▸ TO DO: Strip the pictures, then copy the remaining data exactly as it stands.
──────── MATERIAL SUPPLIED
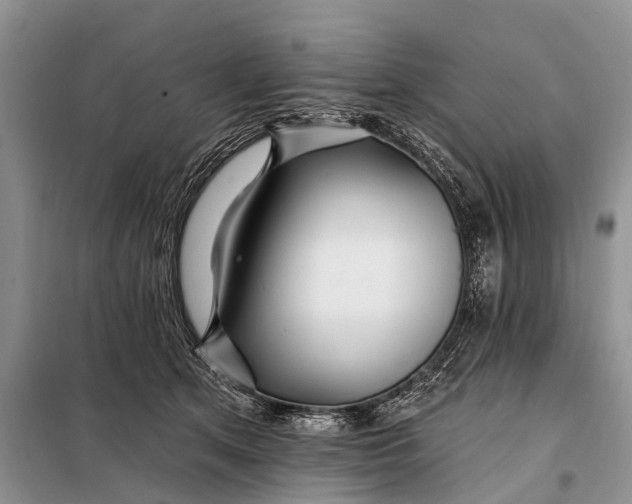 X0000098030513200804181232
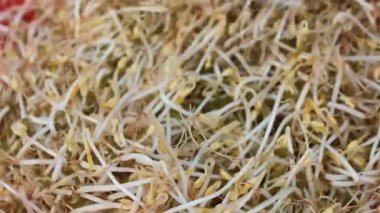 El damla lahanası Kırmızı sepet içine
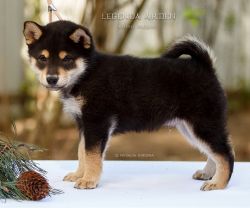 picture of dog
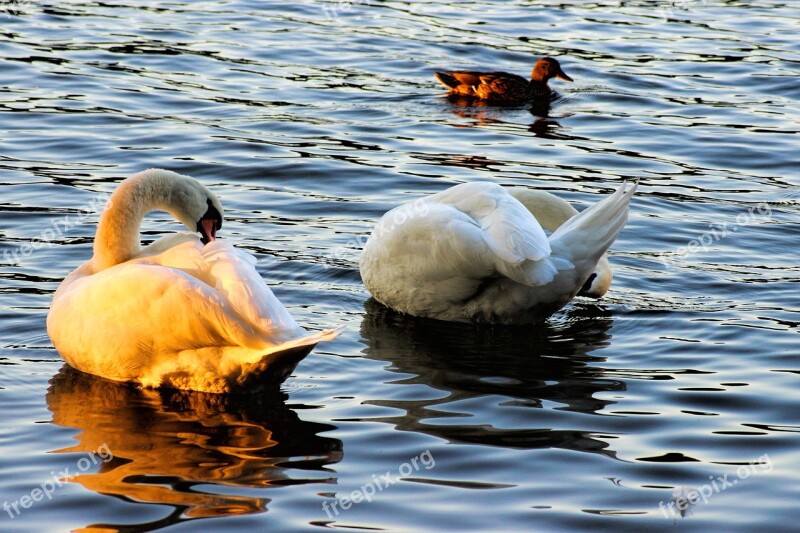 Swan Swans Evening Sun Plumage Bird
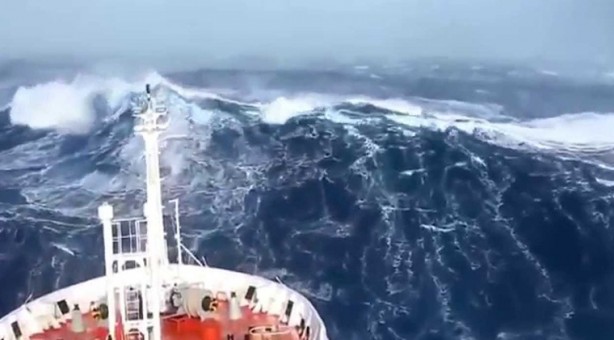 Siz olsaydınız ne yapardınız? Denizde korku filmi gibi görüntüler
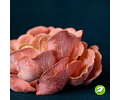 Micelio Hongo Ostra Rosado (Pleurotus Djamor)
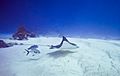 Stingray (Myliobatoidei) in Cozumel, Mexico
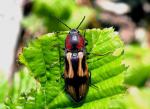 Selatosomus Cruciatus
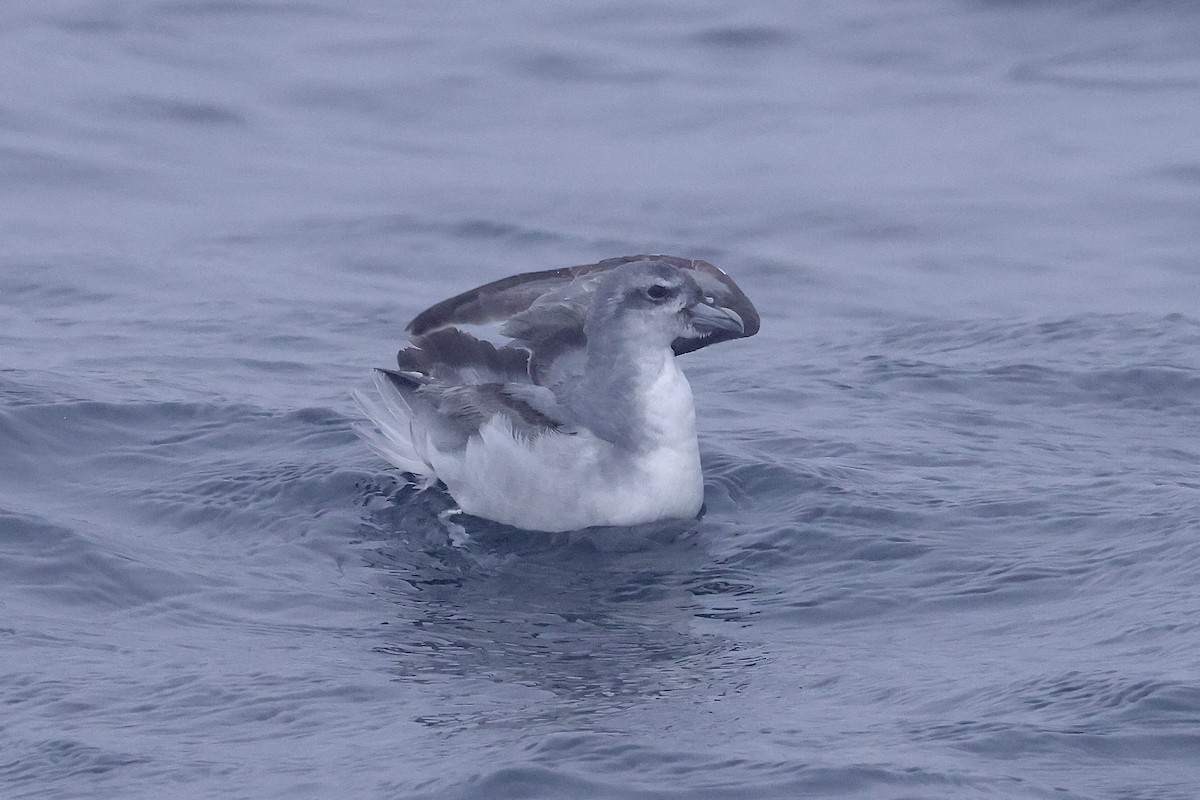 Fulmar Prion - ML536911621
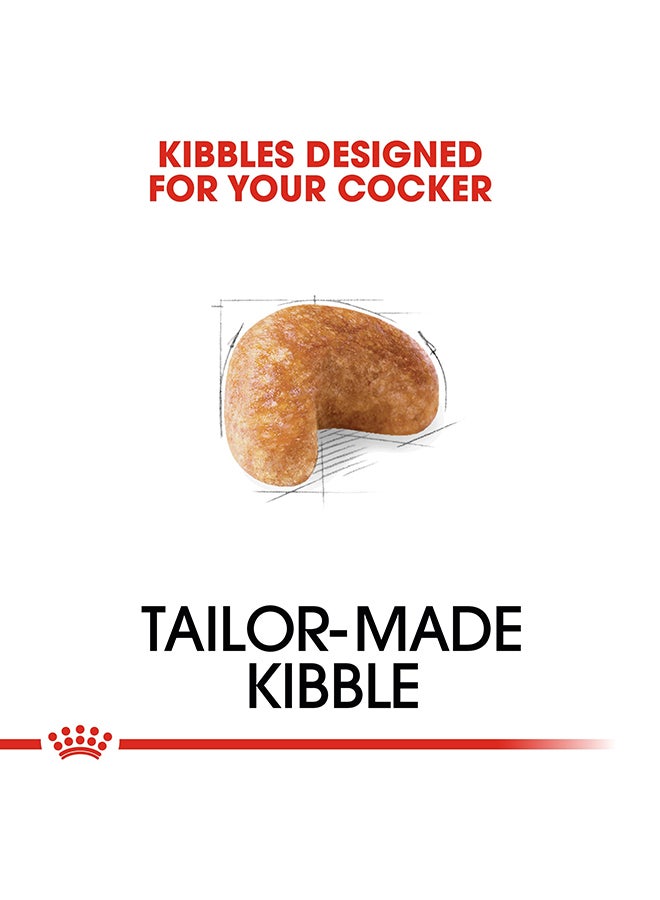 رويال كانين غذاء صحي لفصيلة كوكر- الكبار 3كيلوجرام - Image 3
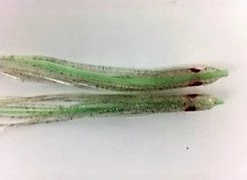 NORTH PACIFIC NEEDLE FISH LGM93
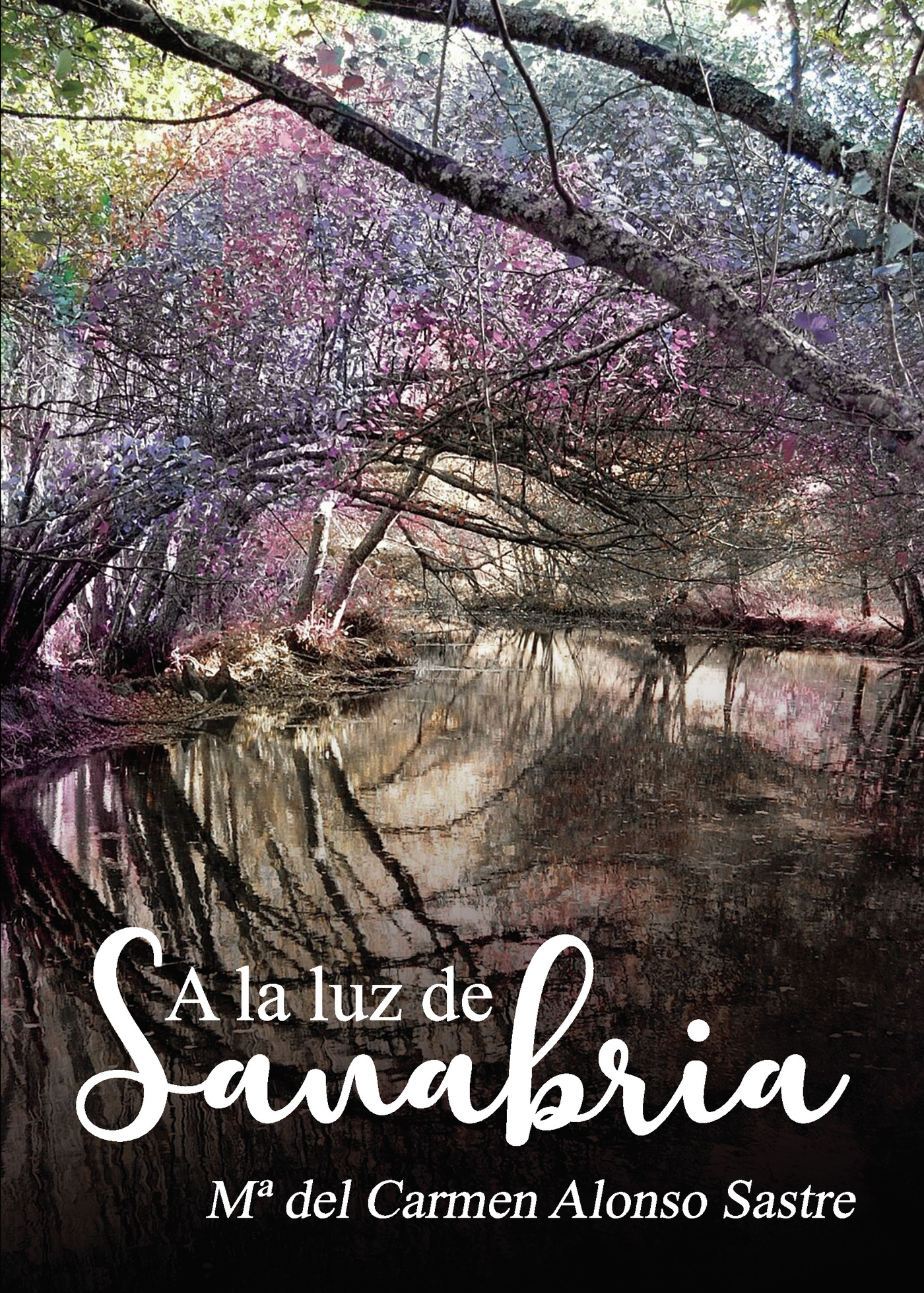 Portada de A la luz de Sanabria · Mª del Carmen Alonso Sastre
────────────────
▸ ANSWER TO THIS PROBLEM:
 X0000098030513200804181232
 El damla lahanası Kırmızı sepet içine
 picture of dog
 Swan Swans Evening Sun Plumage Bird
 Siz olsaydınız ne yapardınız? Denizde korku filmi gibi görüntüler
 Micelio Hongo Ostra Rosado (Pleurotus Djamor)
 Stingray (Myliobatoidei) in Cozumel, Mexico
 Selatosomus Cruciatus
 Fulmar Prion - ML536911621
 رويال كانين غذاء صحي لفصيلة كوكر- الكبار 3كيلوجرام - Image 3
 NORTH PACIFIC NEEDLE FISH LGM93
 Portada de A la luz de Sanabria · Mª del Carmen Alonso Sastre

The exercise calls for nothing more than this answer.